Dataset content =>

[Start of Attachment]

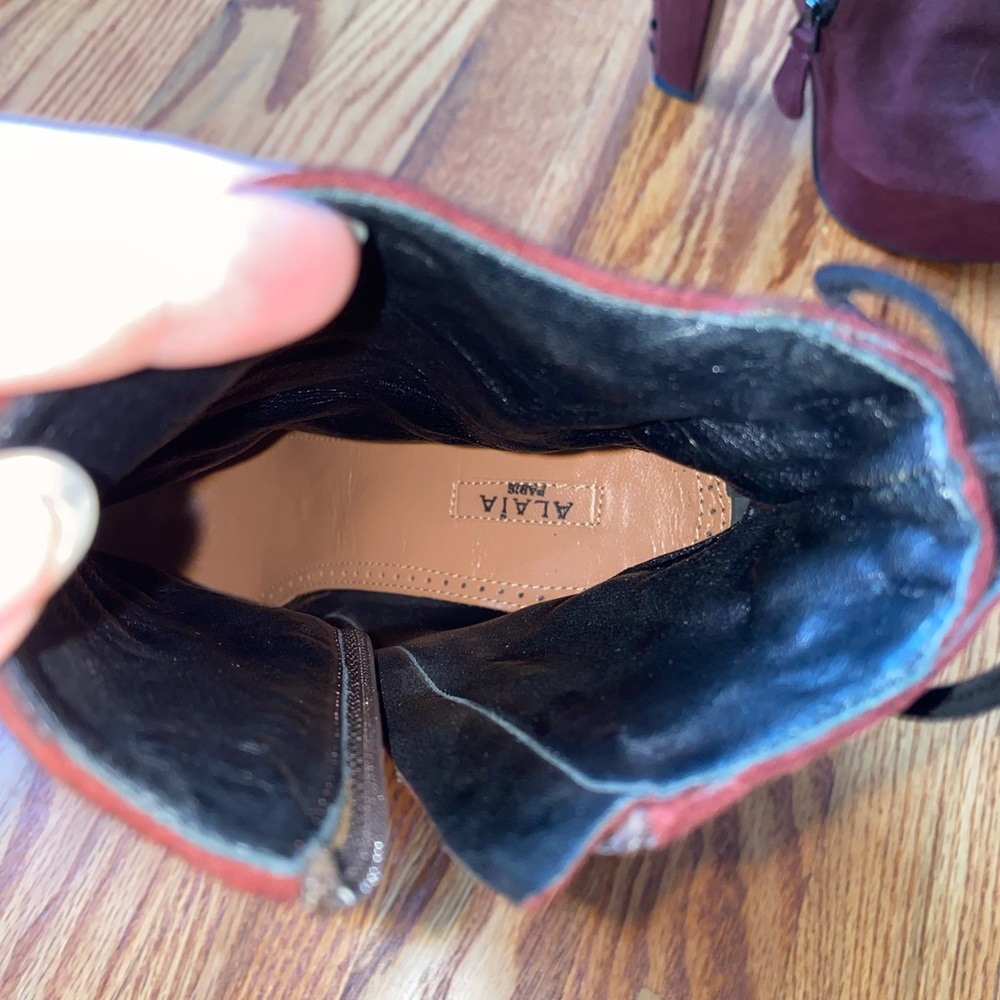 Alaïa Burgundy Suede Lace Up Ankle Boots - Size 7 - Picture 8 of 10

[End of Attachment]
[Start of Attachment]

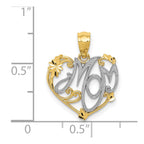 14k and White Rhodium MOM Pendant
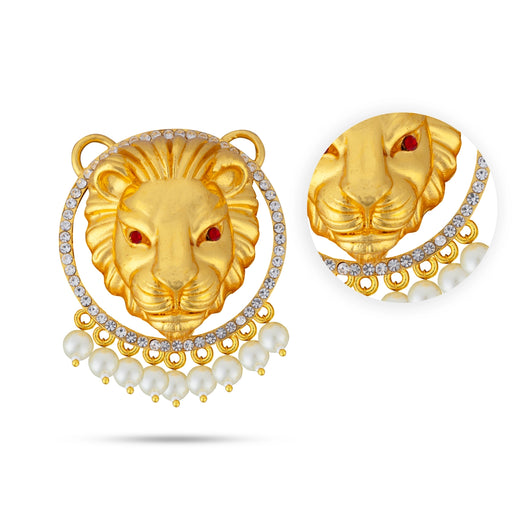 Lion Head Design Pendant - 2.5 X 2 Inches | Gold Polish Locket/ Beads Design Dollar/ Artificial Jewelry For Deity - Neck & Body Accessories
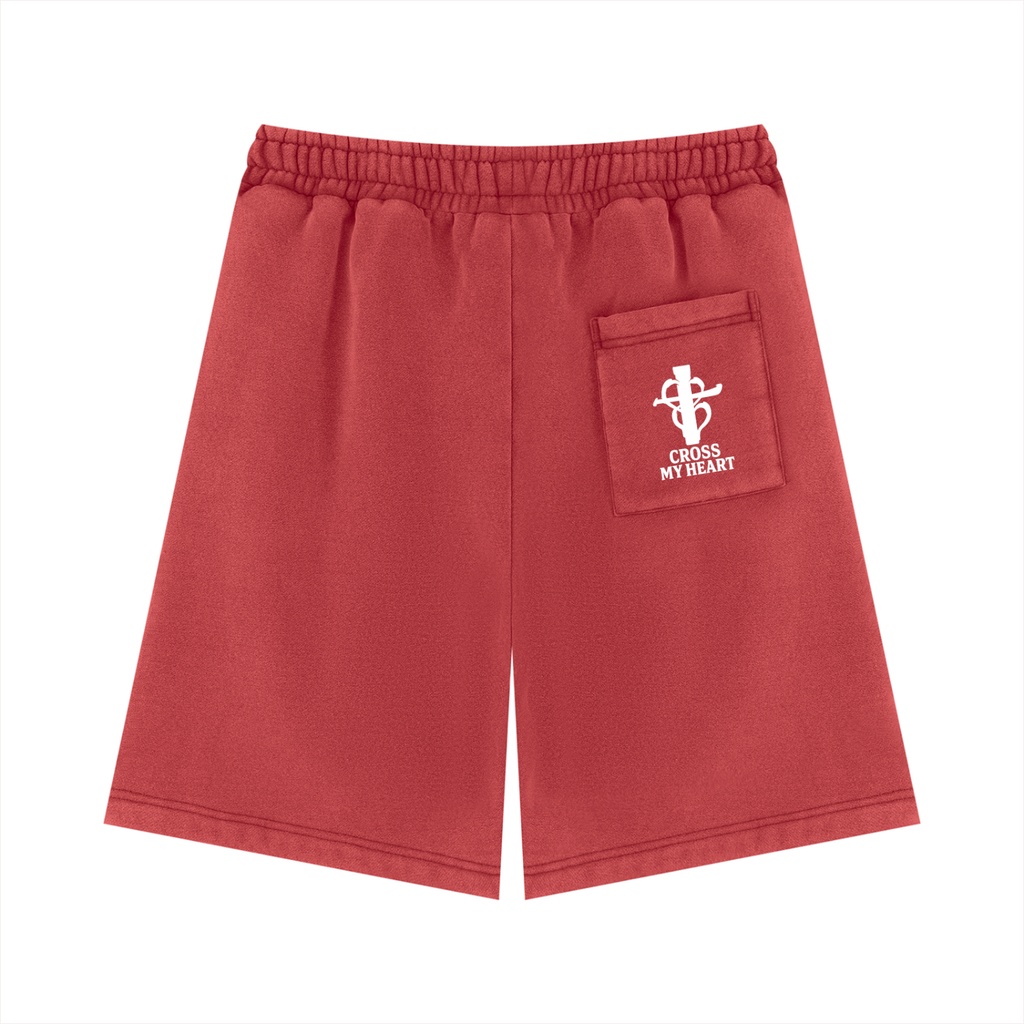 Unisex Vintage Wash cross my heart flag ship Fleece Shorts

[End of Attachment]

Your objective =>
Reproduce, word for word, only the lines in the records above from the line with "14k and White Rhodium MOM Pendant" through the line with "Unisex Vintage Wash", including both ends; omit the pictures.

Answer box =>
 14k and White Rhodium MOM Pendant
 Lion Head Design Pendant - 2.5 X 2 Inches | Gold Polish Locket/ Beads Design Dollar/ Artificial Jewelry For Deity - Neck & Body Accessories
 Unisex Vintage Wash cross my heart flag ship Fleece Shorts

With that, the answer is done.